Tariffs on solar panels due to the Suniva filing increased the cost of residential solar in a one year period by $236 million. Residential solar is roughly 1/5th of all solar power installed annually in the United States, suggesting near a near billion dollar a year tax. SEIA calculates that the tax butterfly effects into a cost to the U.S. more than 62,000 jobs, $19 billion in investment, and 10.5 GW in solar installations.
First off, yesterday the U.S. Court of International Trade ruled that the bifacial solar panel tariff exemption should stand. The court supported several logics, including that the rule making and rule withdrawing process might have been done incorrectly, that the filing company – solar developer Invenergy – could bear irreparable harm, that it was in the public interest, and a bit more. This last ruling is at the end of a whipsaw summer – starting with bifacial getting the exemption in June, then losing it in October, then again gaining it in November.
So what’s next?
In other hallowed federal corridors, there was a review of the solar panel import tariff. In the talk, discussions on solar cell and module factories came up, and of course jobs lost and projects missed as noted above by SEIA.

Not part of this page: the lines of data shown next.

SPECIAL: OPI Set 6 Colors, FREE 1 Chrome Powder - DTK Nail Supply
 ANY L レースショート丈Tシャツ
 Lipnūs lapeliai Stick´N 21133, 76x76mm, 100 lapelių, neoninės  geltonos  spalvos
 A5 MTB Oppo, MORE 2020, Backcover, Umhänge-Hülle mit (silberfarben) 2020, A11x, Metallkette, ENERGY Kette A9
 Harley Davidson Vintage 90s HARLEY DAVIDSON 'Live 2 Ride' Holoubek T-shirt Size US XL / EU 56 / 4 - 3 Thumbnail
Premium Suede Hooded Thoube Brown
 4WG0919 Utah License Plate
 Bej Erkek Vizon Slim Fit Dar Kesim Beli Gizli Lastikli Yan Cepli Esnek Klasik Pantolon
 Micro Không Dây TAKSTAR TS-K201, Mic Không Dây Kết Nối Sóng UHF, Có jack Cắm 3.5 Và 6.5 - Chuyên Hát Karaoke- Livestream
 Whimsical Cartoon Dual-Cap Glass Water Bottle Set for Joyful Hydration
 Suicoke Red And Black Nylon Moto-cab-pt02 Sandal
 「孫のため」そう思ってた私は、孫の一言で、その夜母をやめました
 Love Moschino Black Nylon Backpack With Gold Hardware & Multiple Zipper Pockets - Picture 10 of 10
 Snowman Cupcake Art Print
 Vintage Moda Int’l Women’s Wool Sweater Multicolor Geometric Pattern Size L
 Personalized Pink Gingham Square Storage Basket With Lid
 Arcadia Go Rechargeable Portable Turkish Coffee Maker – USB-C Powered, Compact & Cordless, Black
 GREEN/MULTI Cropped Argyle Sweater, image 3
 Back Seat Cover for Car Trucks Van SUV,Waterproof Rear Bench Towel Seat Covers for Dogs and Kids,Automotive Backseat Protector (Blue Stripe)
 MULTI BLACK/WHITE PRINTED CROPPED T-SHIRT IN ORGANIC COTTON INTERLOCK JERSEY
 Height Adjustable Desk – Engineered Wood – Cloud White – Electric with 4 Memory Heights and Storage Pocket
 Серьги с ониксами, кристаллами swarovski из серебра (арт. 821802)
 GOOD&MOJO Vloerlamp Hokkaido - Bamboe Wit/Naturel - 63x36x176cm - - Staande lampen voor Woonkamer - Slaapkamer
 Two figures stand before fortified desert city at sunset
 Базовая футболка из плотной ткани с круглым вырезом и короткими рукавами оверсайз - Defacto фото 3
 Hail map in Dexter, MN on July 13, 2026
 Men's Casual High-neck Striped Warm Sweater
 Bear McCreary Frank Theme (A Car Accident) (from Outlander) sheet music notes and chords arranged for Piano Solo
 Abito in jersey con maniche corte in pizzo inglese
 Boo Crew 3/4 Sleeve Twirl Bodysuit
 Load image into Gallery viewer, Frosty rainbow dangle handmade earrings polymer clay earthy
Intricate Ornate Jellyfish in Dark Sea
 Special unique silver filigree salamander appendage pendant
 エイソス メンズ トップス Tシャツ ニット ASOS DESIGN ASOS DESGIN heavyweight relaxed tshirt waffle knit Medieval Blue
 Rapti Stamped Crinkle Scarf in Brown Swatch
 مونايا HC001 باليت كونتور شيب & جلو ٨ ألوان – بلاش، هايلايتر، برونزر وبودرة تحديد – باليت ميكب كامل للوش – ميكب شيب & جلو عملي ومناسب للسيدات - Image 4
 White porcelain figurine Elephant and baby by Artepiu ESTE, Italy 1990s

Morten Lund, Chair of the Energy Storage Initiative and is the former Chair of the Solar Energy Initiative at law firm Stoel Rives, reached out to pv magazine USA with a perspective on the business continuity side of the argument:
Under normal circumstances this would be a routine tariff review proceeding, and we would expect no particular change in course. These are not normal circumstances, however, and this hearing inserts a measure of Trump Uncertainty Factor into the solar energy market. We would certainly not expect Trump to go out of his way to soften the tariffs in any way, but it is not impossible that he will find a way to make the tariffs more onerous (by limiting exceptions, reducing stepdown, or otherwise).
This inherent uncertainty will inevitably have some negative impact on market confidence in forward module pricing. The timing of this hearing benefits the market, however—the report will not be issued to the President until next year, which means that 2019 financings will continue uninterrupted (although some ITC safe-harbor efforts may have to be recalibrated). If Trump takes action, it will likely be in the first quarter, which will allow the markets time to adjust before closing the 2020 financings.
And Lund is not the only party who considered these complexities, as Kelsey Misbrener reported in the below tweet while in attendance of the hearings. Commissioner Schmidtlein, at the end of a long discussion as to whether the tariffs had met certain technical goals – solar cell manufacturing in the United States, President Trump could extend the tariffs beyond two more years. Hanwha Q Cells – who just opened what was for about a month the largest solar module manufacturing facility in the Western Hemisphere – followed up by stating they supported that idea.